Reputation: 2686
I have this regexp
/[A-Za-zÀ-ÿ]+/g
that matches 'words' composed by characters of unlimited lenght.
If I do want to exclude words starting with a capital letter?
I tried
/(^[A-Z])[A-Za-zÀ-ÿ]+/g
but it doesn't seems to work. Can't use things like /w for it doesn't include diacritics.
EDIT: the language in use is Typescript so the javascript engine (which doesn't allow lookbehind, for example) Sorry for not mention this.
EDIT: the input given can be something like
"foo" //should match foo and return true
"Foo" //should not match foo and return false
"fòo" //should match fòo and return true
" " //should not match foo and return false
"." //should not match foo and return false
"," //should not match foo and return false
Code (Typescript) matching without the capital letter thing
isProperWord(word){
/* rejects
- string that are not words (symbols, spaces, etc...)

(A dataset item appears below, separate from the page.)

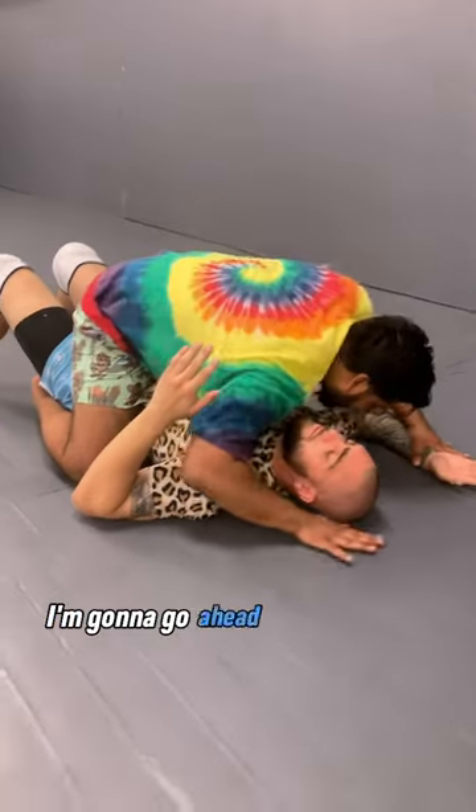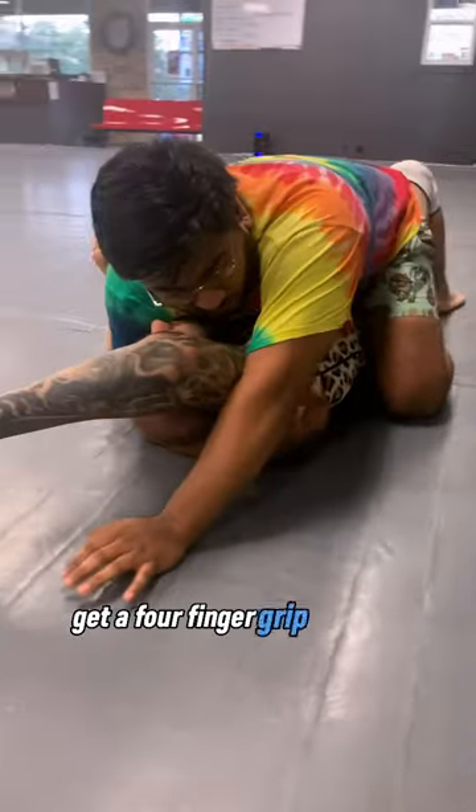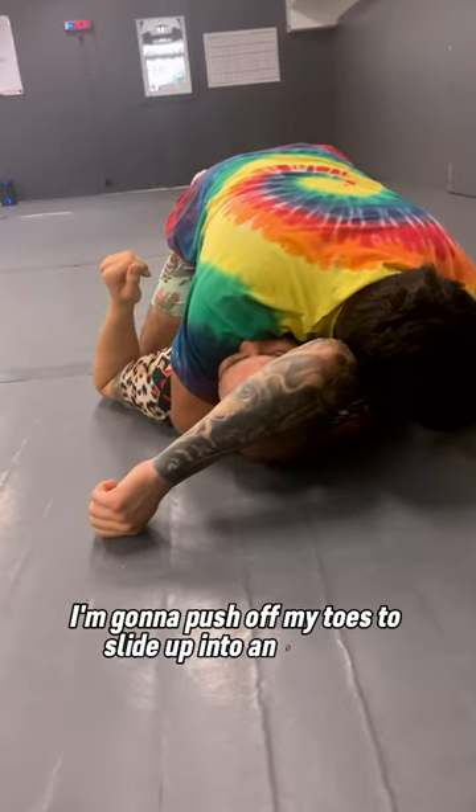I'm going to be in the mount position. I'm going to go ahead and take cradle of the head, pick up the arm, get a forefinger grip into the armpit. I'm going to get my head next to his tricep. I'm going to push off my toes to slide up into an S-mount with this grip.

- names (words starting with a capital letter)
*/
if(word.match(/[A-Za-zÀ-ÿ]+/g)){
return true;
}else{
return false;
}
}
Upvotes: 0
Views: 179
Reputation: 627419
To match all capital letters from your initial range, you may use [A-ZÀ-ÖØ-Þ]
character class. To match all lowercase letters, [a-zß-öø-ÿ]
. Note that ×
and ÷
are not letters, I removed them from these classes.

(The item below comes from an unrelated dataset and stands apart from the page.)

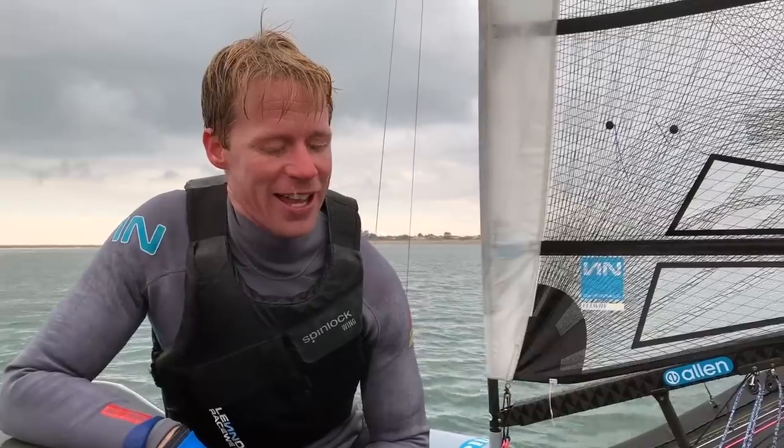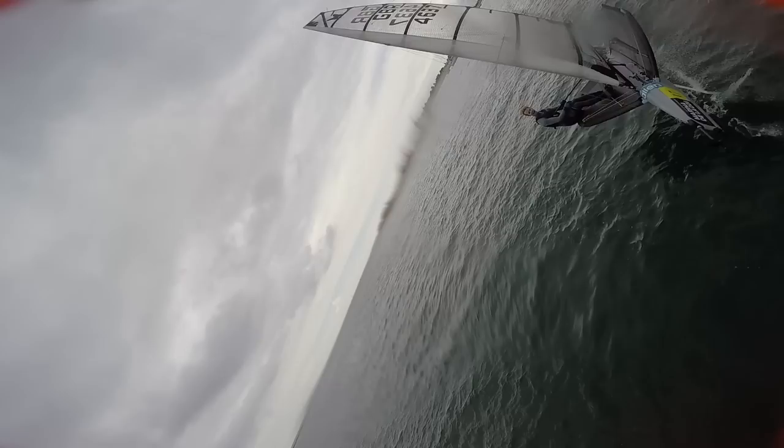Our second run with the AER didn't go quite so well — it hit the shroud, which kind of acted like a cheese wire and cut it in half. But it still floated at that point, so the camera's fine and the boat's fine because it was softer than the boat. So that's a good one — kind of a mixed review on that one.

To make sure the whole string consists of these letters only, and the first char is not an uppercase letter, use
/^[a-zß-öø-ÿ][A-Za-zÀ-ÖØ-öø-ÿ]*$/
See the regex demo.
JS demo:
var strs = ['foo','fòo','Foo',' ','.',','];
var rx = /^[a-zß-öø-ÿ][A-Za-zÀ-ÖØ-öø-ÿ]*$/;
for (var s of strs) {
console.log(s,"=>",rx.test(s));
}
To extract words, use custom boundaries:
var s = 'foo,fòo,Foo';
var rx = /(?:[^A-Za-zÀ-ÖØ-öø-ÿ]|^)([a-zß-öø-ÿ][A-Za-zÀ-ÖØ-öø-ÿ]*)(?![A-Za-zÀ-ÖØ-öø-ÿ])/g;
var m, res=[];
while(m=rx.exec(s)) {
res.push(m[1]);
}
console.log(res);
Upvotes: 1
Reputation: 189830
The expression ^[A-Z]
means match an uppercase character at the beginning of line. You probably tried to type [^A-Z]
which matches a character which is not an uppercase alphabetic between A and Z, but that still doesn't help, because the regex engine will find a character somewhere which matches this, and be satisified. (For example, a space trivially matches this -- it's a character, and it's not in the range A through Z.)
If you use a regex dialect which understands word boundaries with \b
, try
/\b[a-z][A-Za-z]*/
to match a token which has a word boundary on its left, and a lowercase character adjacent to it. (I am ignoring your locale extension, which is not portable and possibly not well-defined.)
In isolation, the /g
flag doesn't do anything. If you have a language which supports it, and use a regex in a while
loop or similar, it will cause the engine to return all the matches in the string, one at a time, inside the loop; but without further context, we have no idea whether that is actually true here.
Upvotes: 3